Find the line with "BLUE SKY - 1" in the entries below, then reproduce it and every line after it down to and including the line with "Multi-colored light garlands", exactly.

▸ **Entries shown**:

# # #

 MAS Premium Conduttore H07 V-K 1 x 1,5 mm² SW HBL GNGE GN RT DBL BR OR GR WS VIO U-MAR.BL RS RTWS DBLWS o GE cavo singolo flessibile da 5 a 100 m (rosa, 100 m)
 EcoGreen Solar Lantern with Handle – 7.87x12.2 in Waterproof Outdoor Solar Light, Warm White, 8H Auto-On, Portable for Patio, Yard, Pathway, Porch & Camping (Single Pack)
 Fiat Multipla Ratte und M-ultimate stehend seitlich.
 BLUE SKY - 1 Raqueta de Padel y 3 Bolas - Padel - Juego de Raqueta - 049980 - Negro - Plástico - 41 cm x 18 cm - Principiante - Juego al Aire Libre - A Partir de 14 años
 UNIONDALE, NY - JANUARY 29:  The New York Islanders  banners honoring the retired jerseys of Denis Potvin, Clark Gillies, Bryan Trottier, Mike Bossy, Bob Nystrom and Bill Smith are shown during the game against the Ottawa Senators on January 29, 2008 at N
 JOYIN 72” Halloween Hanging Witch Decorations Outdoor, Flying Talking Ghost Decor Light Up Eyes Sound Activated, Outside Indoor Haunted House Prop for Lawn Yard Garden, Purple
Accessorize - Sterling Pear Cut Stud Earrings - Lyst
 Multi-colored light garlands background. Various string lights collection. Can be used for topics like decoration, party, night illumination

# # #

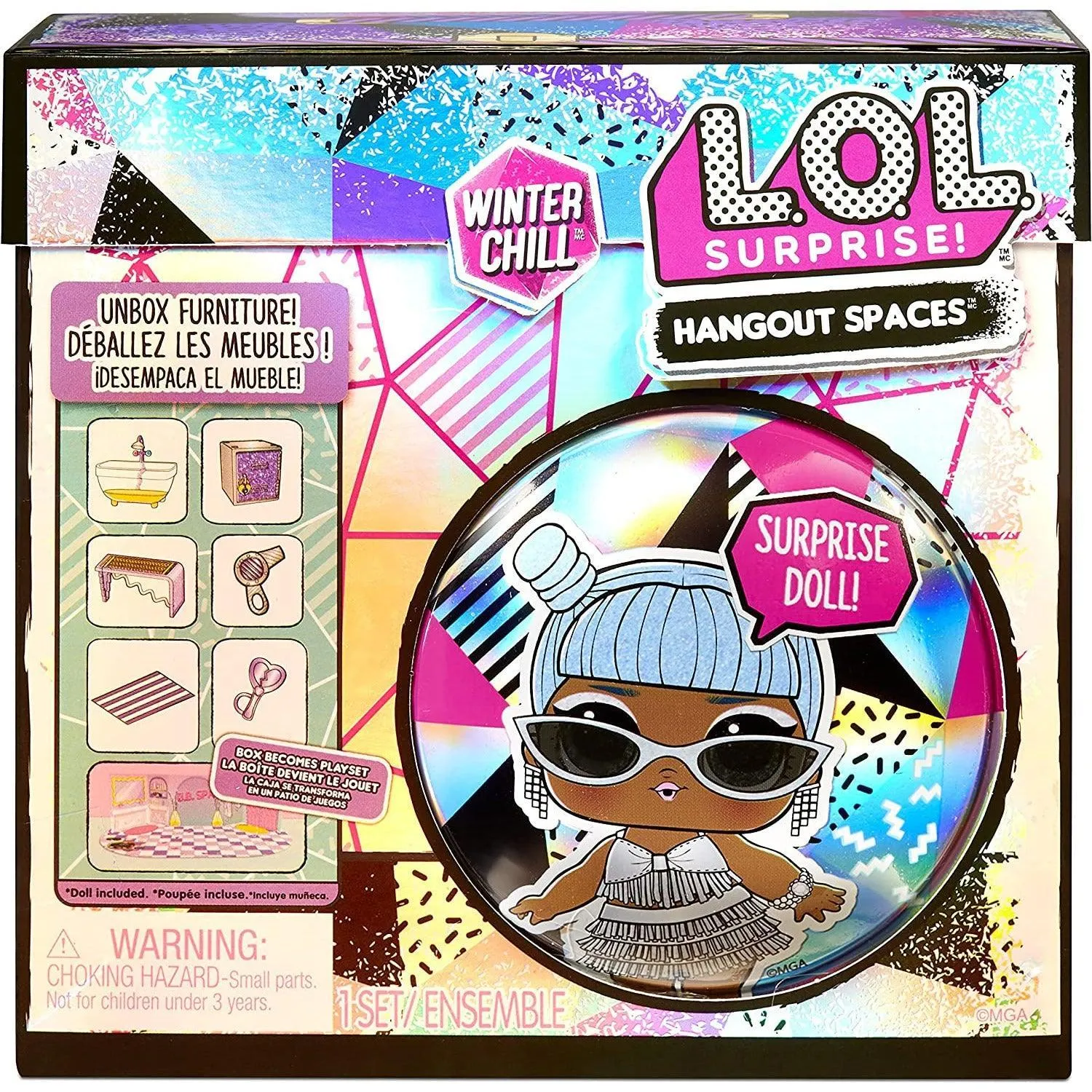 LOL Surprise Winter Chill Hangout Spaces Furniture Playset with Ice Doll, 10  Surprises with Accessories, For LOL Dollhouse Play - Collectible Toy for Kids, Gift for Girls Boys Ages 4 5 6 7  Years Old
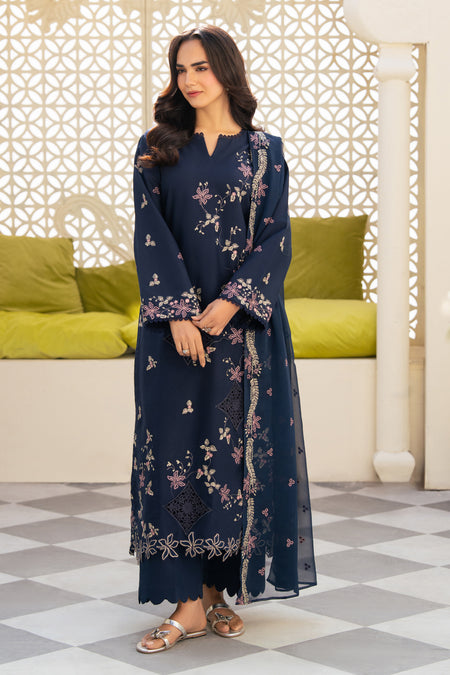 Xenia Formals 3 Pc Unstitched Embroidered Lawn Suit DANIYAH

# # #

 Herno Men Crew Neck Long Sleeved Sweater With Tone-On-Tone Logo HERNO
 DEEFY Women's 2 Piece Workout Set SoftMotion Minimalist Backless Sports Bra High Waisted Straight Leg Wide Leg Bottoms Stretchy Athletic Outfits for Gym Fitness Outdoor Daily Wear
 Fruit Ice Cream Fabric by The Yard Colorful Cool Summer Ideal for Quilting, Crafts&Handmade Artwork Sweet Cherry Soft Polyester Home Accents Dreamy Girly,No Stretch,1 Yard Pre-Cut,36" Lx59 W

# # #

▸ **Answer section**:
 BLUE SKY - 1 Raqueta de Padel y 3 Bolas - Padel - Juego de Raqueta - 049980 - Negro - Plástico - 41 cm x 18 cm - Principiante - Juego al Aire Libre - A Partir de 14 años
 UNIONDALE, NY - JANUARY 29:  The New York Islanders  banners honoring the retired jerseys of Denis Potvin, Clark Gillies, Bryan Trottier, Mike Bossy, Bob Nystrom and Bill Smith are shown during the game against the Ottawa Senators on January 29, 2008 at N
 JOYIN 72” Halloween Hanging Witch Decorations Outdoor, Flying Talking Ghost Decor Light Up Eyes Sound Activated, Outside Indoor Haunted House Prop for Lawn Yard Garden, Purple
Accessorize - Sterling Pear Cut Stud Earrings - Lyst
 Multi-colored light garlands background. Various string lights collection. Can be used for topics like decoration, party, night illumination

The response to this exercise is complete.